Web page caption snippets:

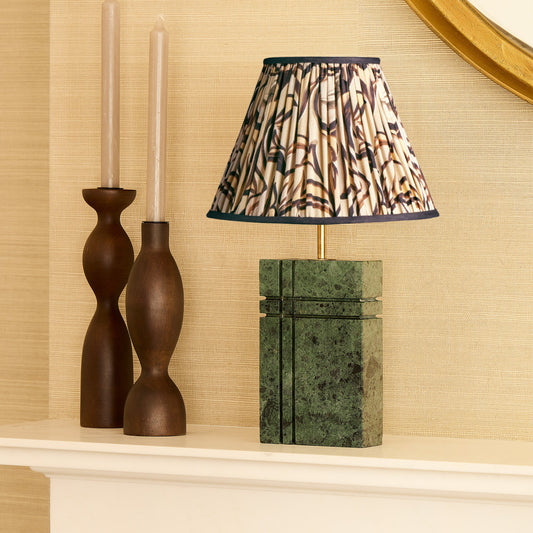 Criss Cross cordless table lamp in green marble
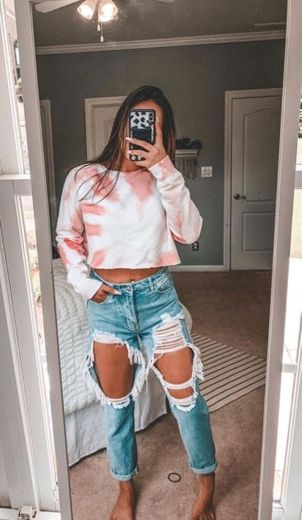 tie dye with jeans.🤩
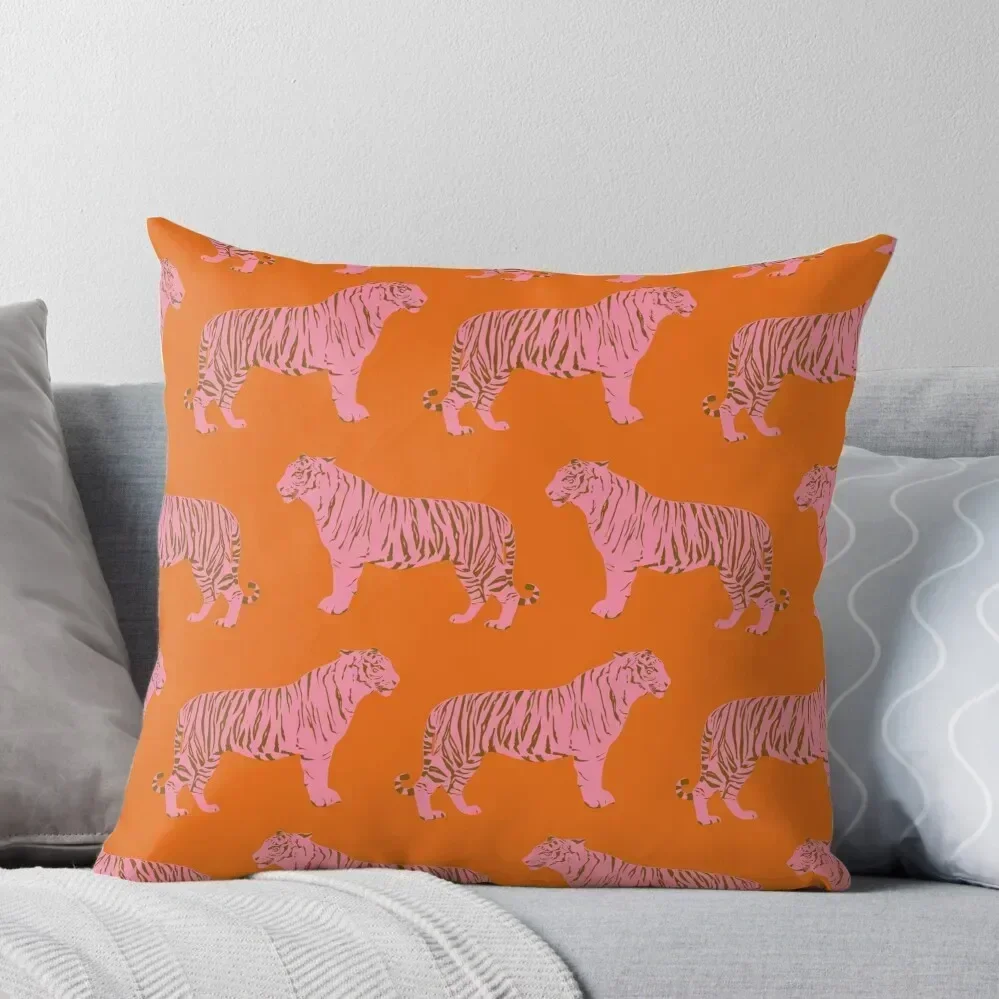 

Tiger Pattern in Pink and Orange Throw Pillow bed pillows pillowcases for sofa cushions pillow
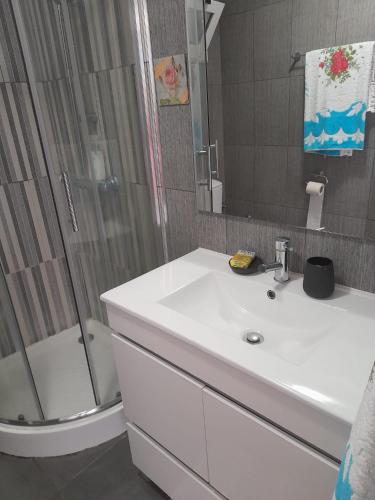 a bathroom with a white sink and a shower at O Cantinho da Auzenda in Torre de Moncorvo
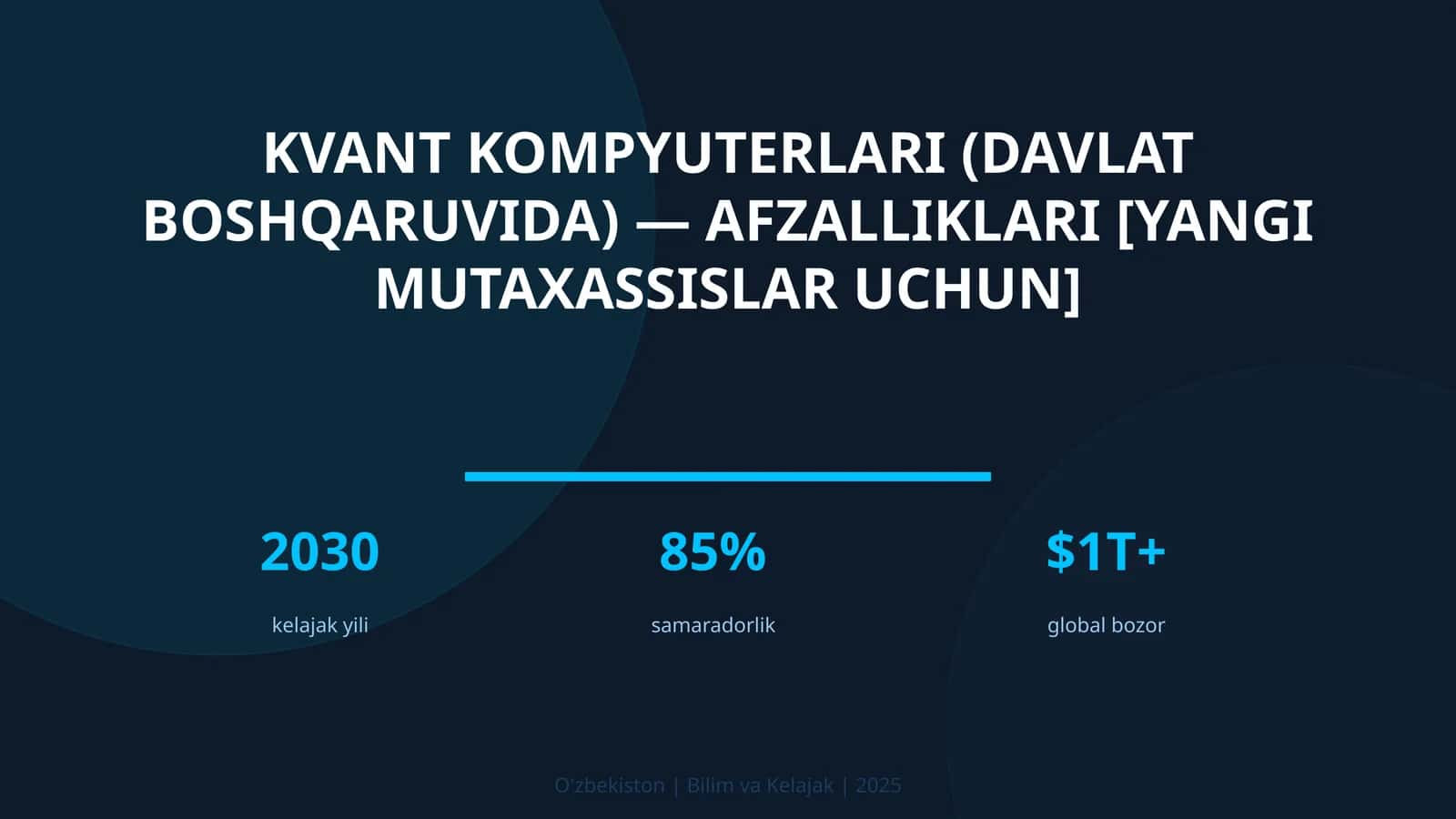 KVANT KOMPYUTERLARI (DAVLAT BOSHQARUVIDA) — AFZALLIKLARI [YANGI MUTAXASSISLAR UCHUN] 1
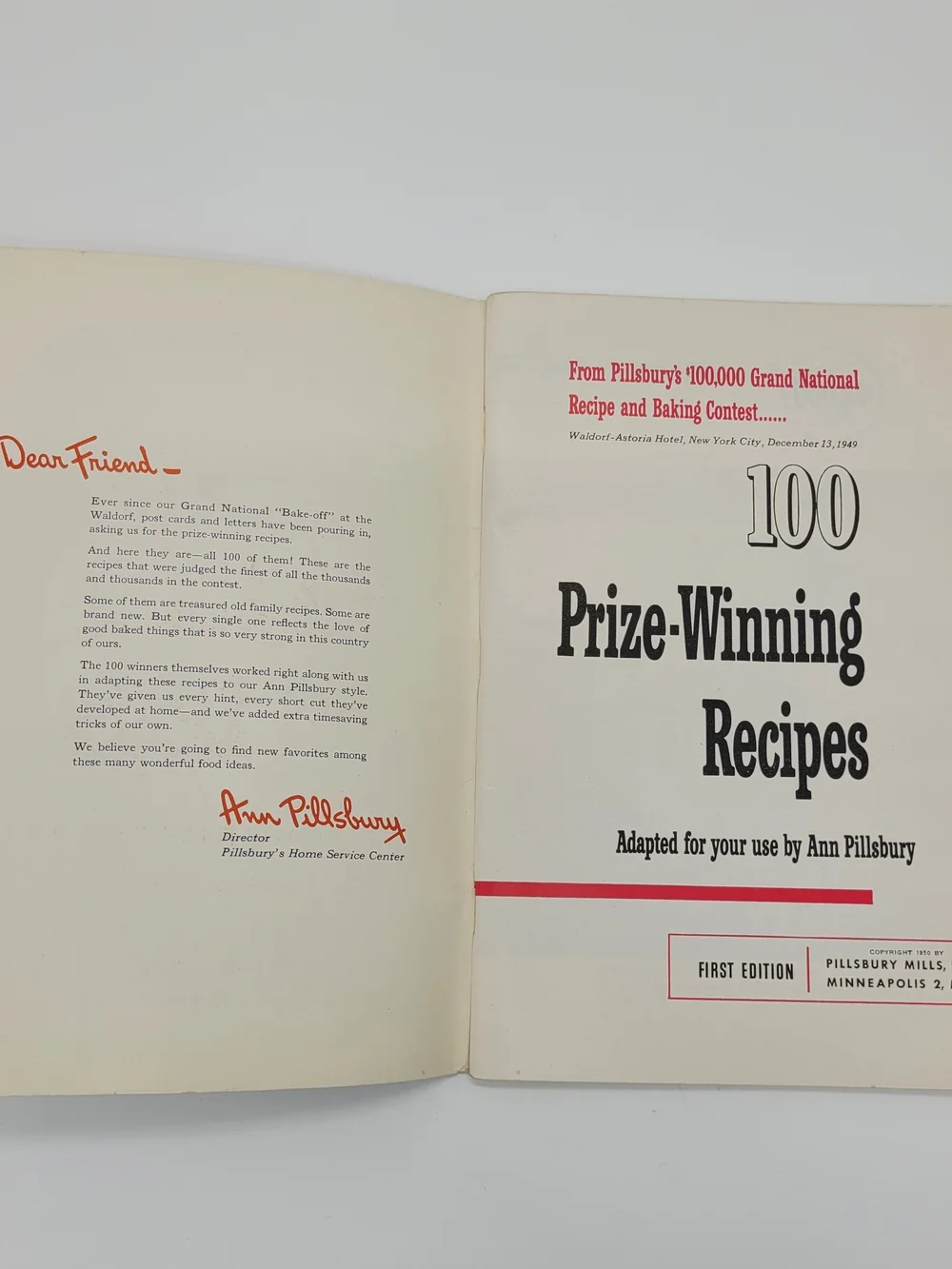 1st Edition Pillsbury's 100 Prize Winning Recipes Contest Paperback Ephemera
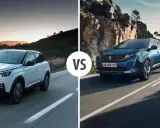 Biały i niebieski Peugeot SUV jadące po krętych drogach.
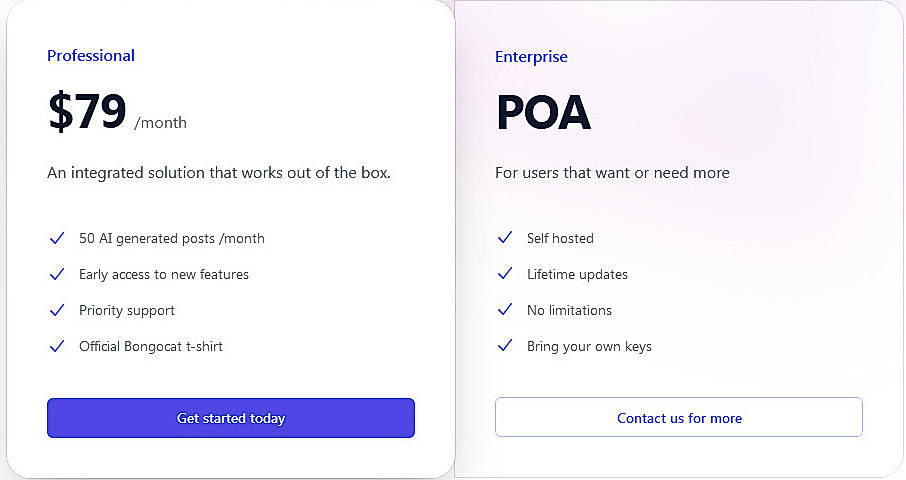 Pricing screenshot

EXERCISE AIM: Would you please copy, exactly and only, the lines from the one with "1st Edition Pillsbury's" through the end of the entries above, skipping every picture?

EXERCISE RESULT:
 1st Edition Pillsbury's 100 Prize Winning Recipes Contest Paperback Ephemera
 Biały i niebieski Peugeot SUV jadące po krętych drogach.
 Pricing screenshot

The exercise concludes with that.